If pictures appear, leave them out, and return exactly the lines from the one holding "农信银行逾期还款会怎么样,逾期还款影响有哪些？" through the last line of the listing below.

***

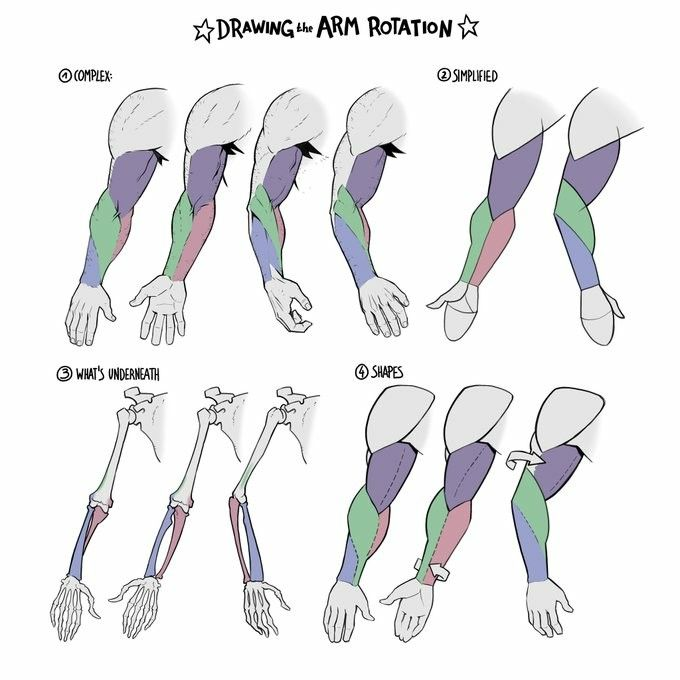Understand the bones first, muscles follow the rotation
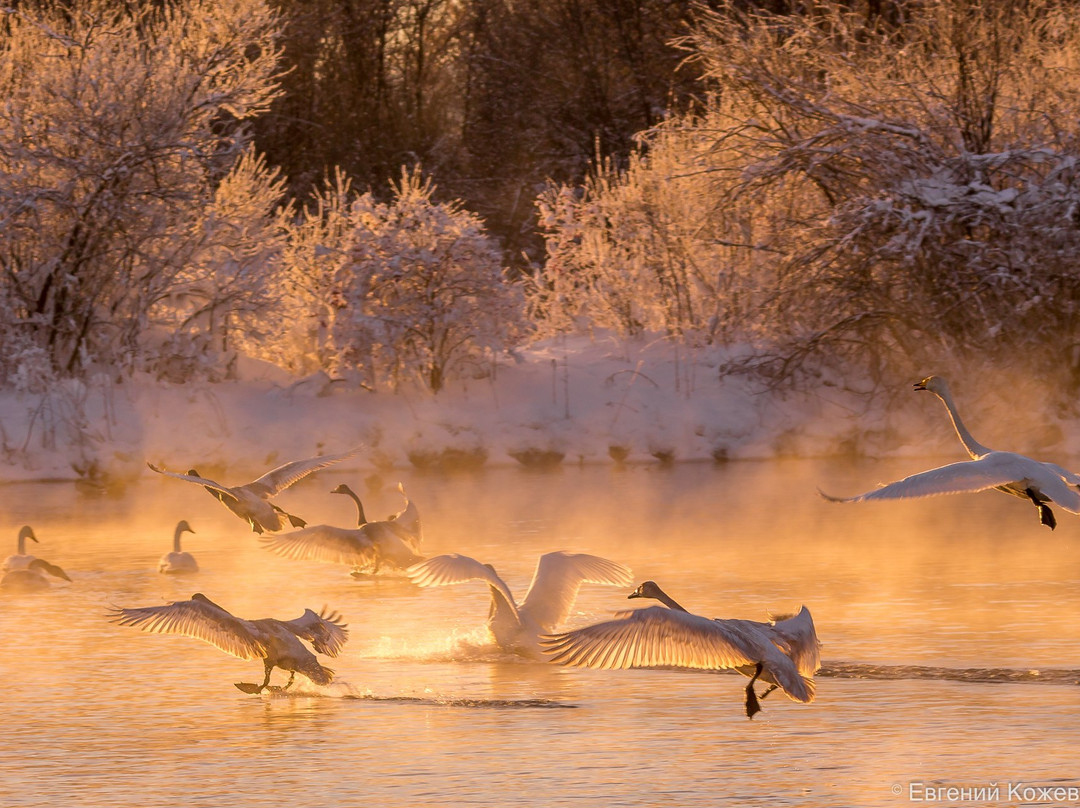 Swan Natural Area景点图片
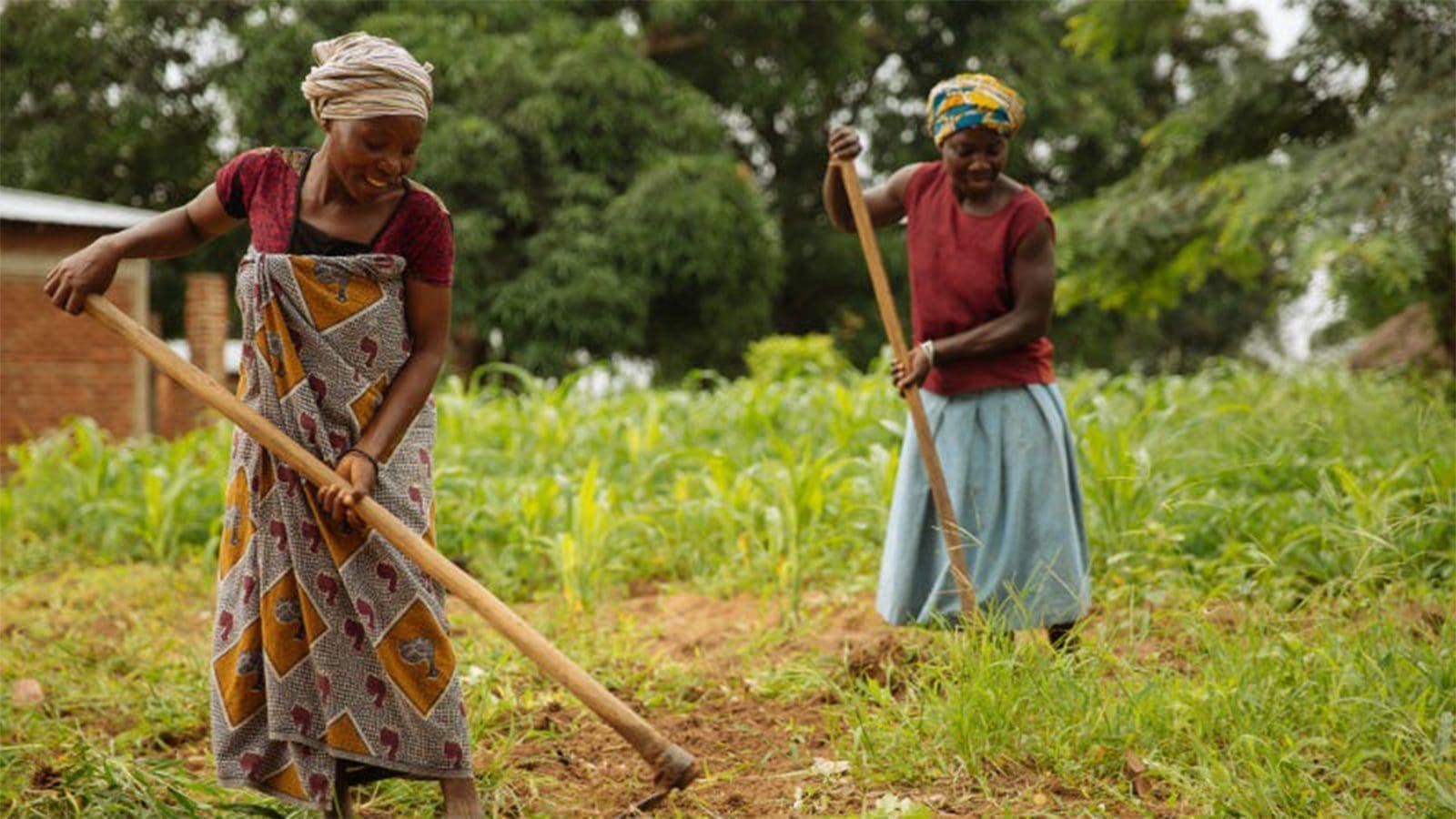 Gates Ag One funds project to develop self-fertilizing crops for African farmers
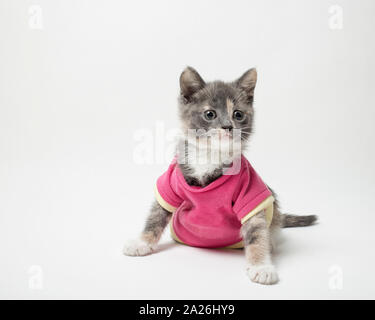 Süße verspielte das Kätzchen in Scharlach Shirt auf weißem Hintergrund Stockfoto
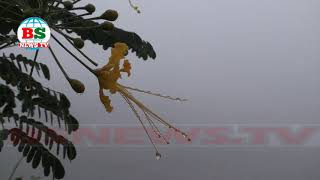 শিশির আর কুয়াশায় সেজেছে প্রকৃতি ।। Nature Is Covered In Dew And Fog.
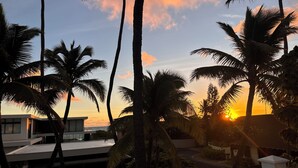 A sunset view with palm trees and a modern building.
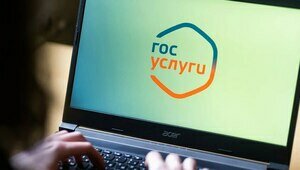 В России гражданство ребёнка теперь можно подтвердить онлайн  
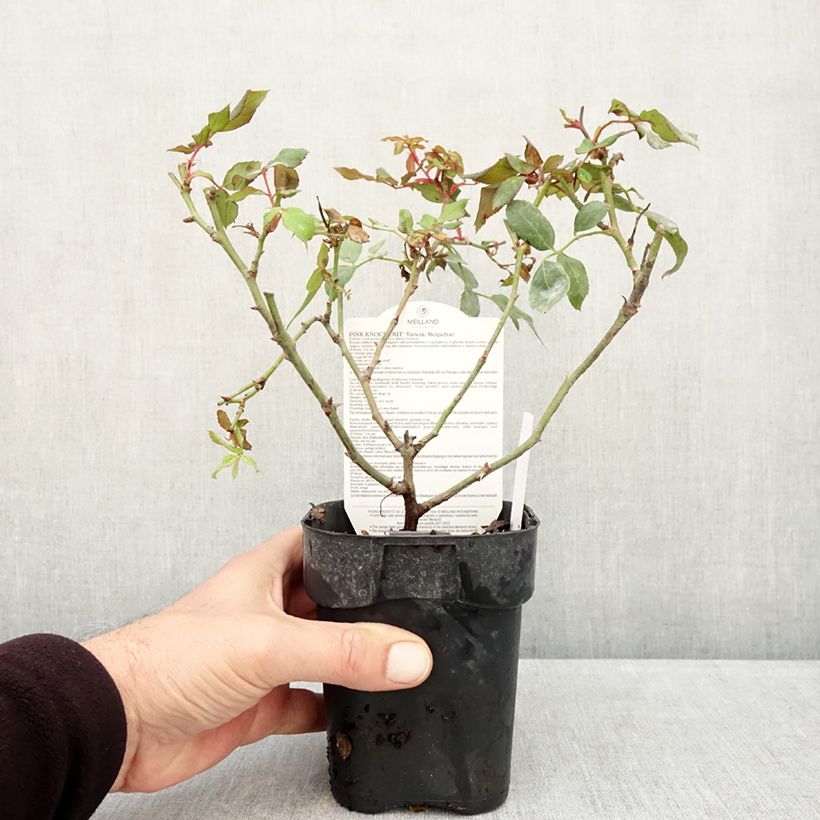 Ejemplar de Rosal Pink Knock Out - Rosal tapizante Maceta de 10 cm/11 cm entregado en otoño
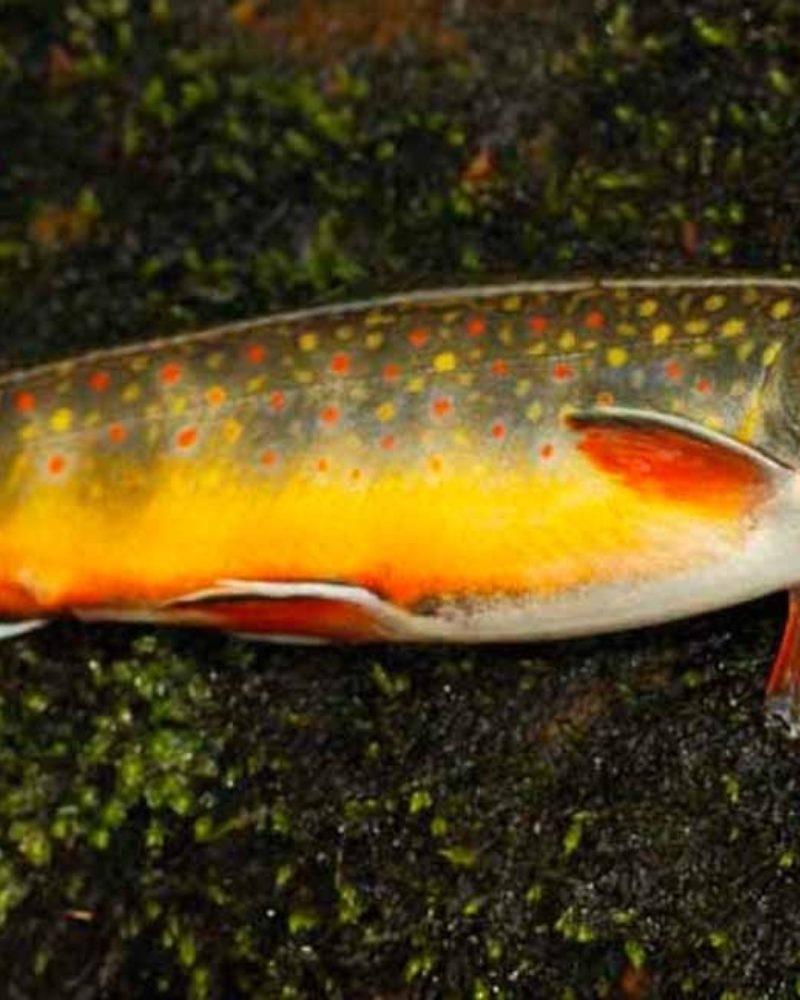 Fly Fishing High on a Mountainside
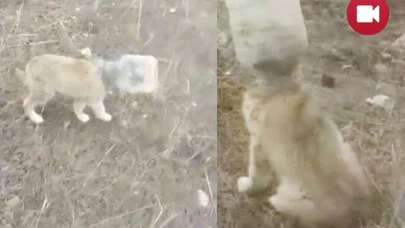 Yavru Köpek Son Anda Kurtarıldı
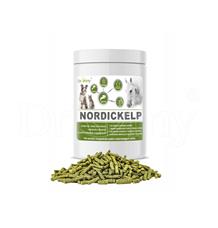 Dromy NordicKelp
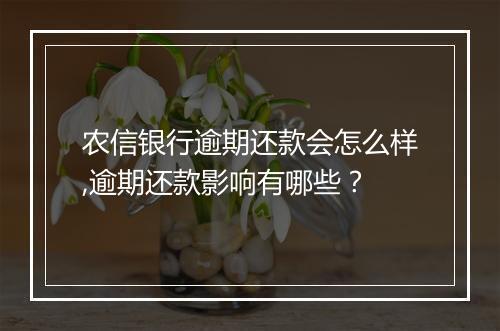农信银行逾期还款会怎么样,逾期还款影响有哪些？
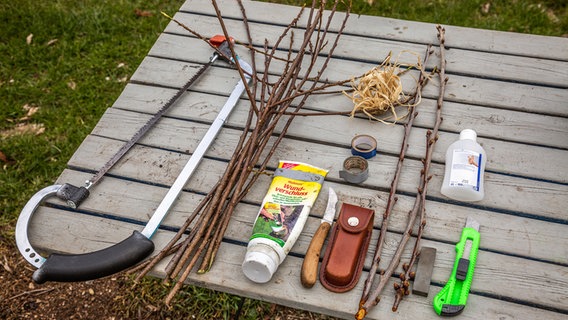 Werkzeug, das man zur Baumveredelung braucht, liegt auf einem Gartentisch.  Foto: Udo Tanske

***

**Result for this exercise**
农信银行逾期还款会怎么样,逾期还款影响有哪些？
 Werkzeug, das man zur Baumveredelung braucht, liegt auf einem Gartentisch.  Foto: Udo Tanske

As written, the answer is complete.